Task:
The data below should be transcribed in full, with no picture included.

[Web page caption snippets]
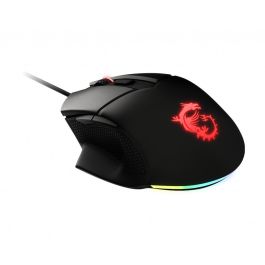 MSI Clutch GM20 Ratón Gaming Óptico con Cable, Ergonómico, Iluminación RGB, Negro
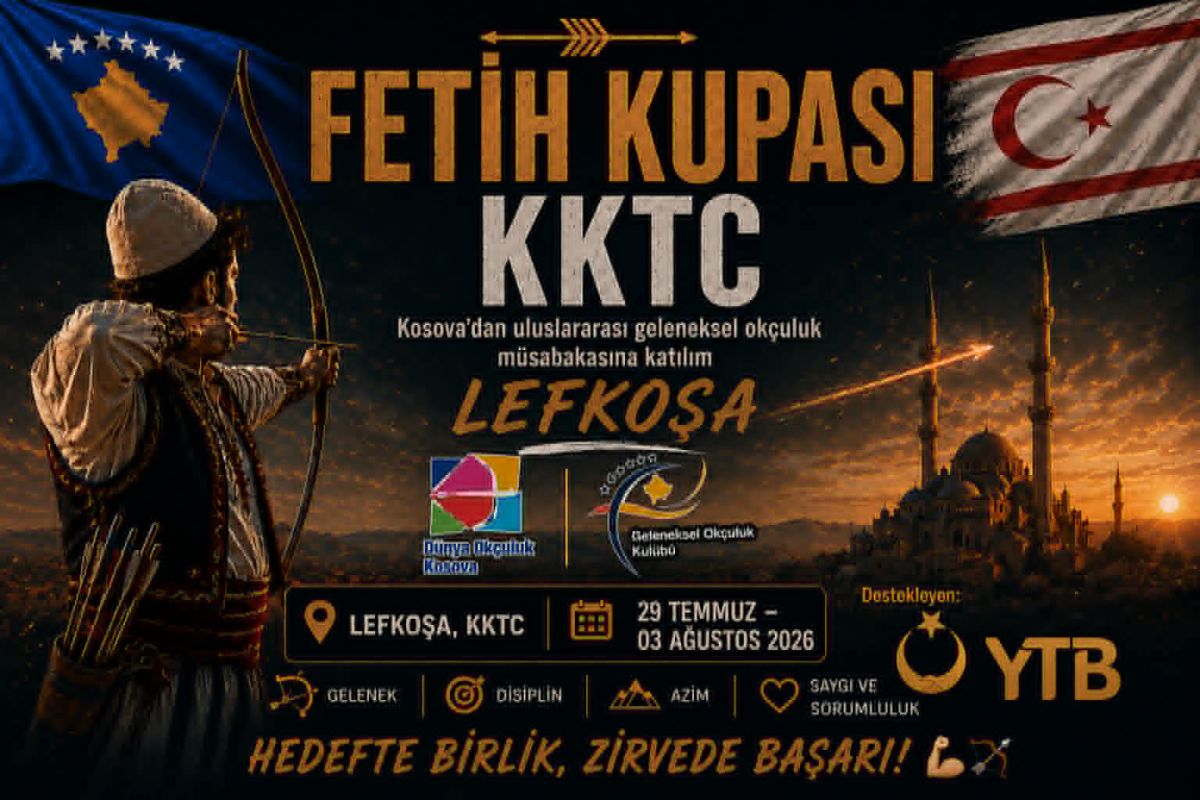 Prizren Geleneksel Okçuluk Kulübü, Kosova'yı Kıbrıs'ta Temsil Edecek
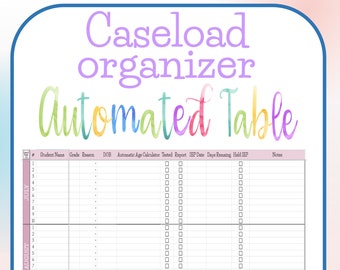 New Caseload Organizer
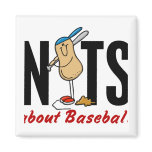 Baseball Nut 2 Fridge Magnet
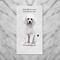 Show in main carousel: E&S PETS White Poodle Cotton Kitchen Towel slide 4 of 6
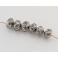 Karen Hill Tribe Silver 6 Printed  Lotus Beads 9.5x6mm.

Output of the task:
 MSI Clutch GM20 Ratón Gaming Óptico con Cable, Ergonómico, Iluminación RGB, Negro
 Prizren Geleneksel Okçuluk Kulübü, Kosova'yı Kıbrıs'ta Temsil Edecek
 New Caseload Organizer
 Baseball Nut 2 Fridge Magnet
 Show in main carousel: E&S PETS White Poodle Cotton Kitchen Towel slide 4 of 6
 Karen Hill Tribe Silver 6 Printed  Lotus Beads 9.5x6mm.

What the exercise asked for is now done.